A log from the command that you were trying to run with the `-vv` flag

(Log output is massive and contains sensitive info, but looks pretty normal / expected to me; it's copying over files that were modified and there's no evidence that it's attempting to compute any hashes)

asdffdsa · October 21, 2024, 10:34pm

welcome to the forum,

that is a small amount of data and a lot of small files.
maybe, switch from stone-age sftp to a modern protocol such as s3 and a minio server.
which will be much faster and does support --fast-list

note: --fast-list does nothing on sftp which makes sync slow

rclone backend features sftp: | grep "ListR"
                "ListR": false,

not sure there is a great solution, but quickly, off the top of my head.

to create a list of files, do something like
rclone lsf jenkins-vm:${REMOTE_REPO_PATH} --files-only --absolute --recursive > file.lst

from each machine, to sync the files, download file.lst, then do something like
rclone sync jenkins-vm:${REMOTE_REPO_PATH} . --files-from=file.lst

maybe, to work around, sftp being slow with sync, can try
https://forum.rclone.org/t/big-syncs-with-millions-of-files/40182

nehakakar · October 23, 2024, 8:45am

Hi BonusLord,

Have you considered using rclone lsf to create a manifest of files first? This might help reduce redundant directory listings across your worker nodes. Also, switching to a faster protocol like S3 could significantly improve sync speed.

BonusLord · November 21, 2024, 10:23pm

Using lsf to pre-generate a sync manifest is an interesting idea, will definitely give that a try next time I have some time to dig deeper on this.

I'm a little skeptical that an S3-style backend would be much faster in practice, since that would require an additional up-front step of archiving / "uploading" all of the files into the S3 backend before they could start being fetched, which seems like it'd introduce a non-trivial amount of overhead.
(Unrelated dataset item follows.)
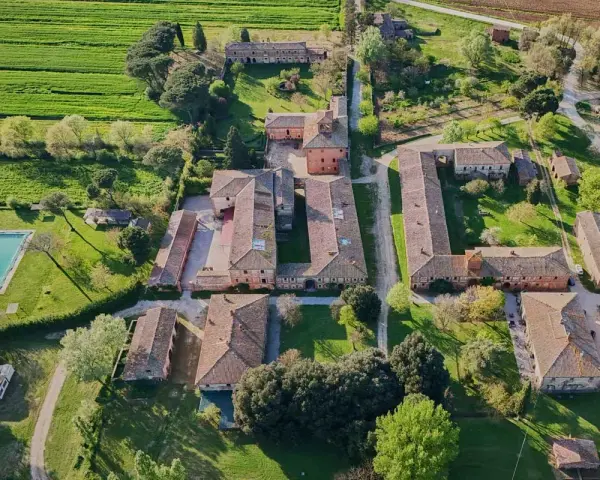 Un complesso rurale con piscina e campi verdi, tipico della campagna di Montagnano Arezzo.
I was able to identify one actual problem with my setup that was causing significant slowdowns. It turns out that sftp on the main server was configured to log at the INFO level, which results in 2 or 3 log messages per file transferred via sftp. So, in my use case where millions of small files were being transferred, this caused millions of log messages to be emitted, which bogged down the systemd-journal process and hogged limited CPU resources from other processes.

After reducing the sftp log level to ERROR, rclone's performance is much closer to what I'd expect, although it still ends up being a bit slower than rsync due to causing higher CPU usage on the central server for some reason (maybe it's choosing a more CPU-intensive SSL cipher than rsync...?).

system · December 21, 2024, 10:24pm

This topic was automatically closed 30 days after the last reply. New replies are no longer allowed.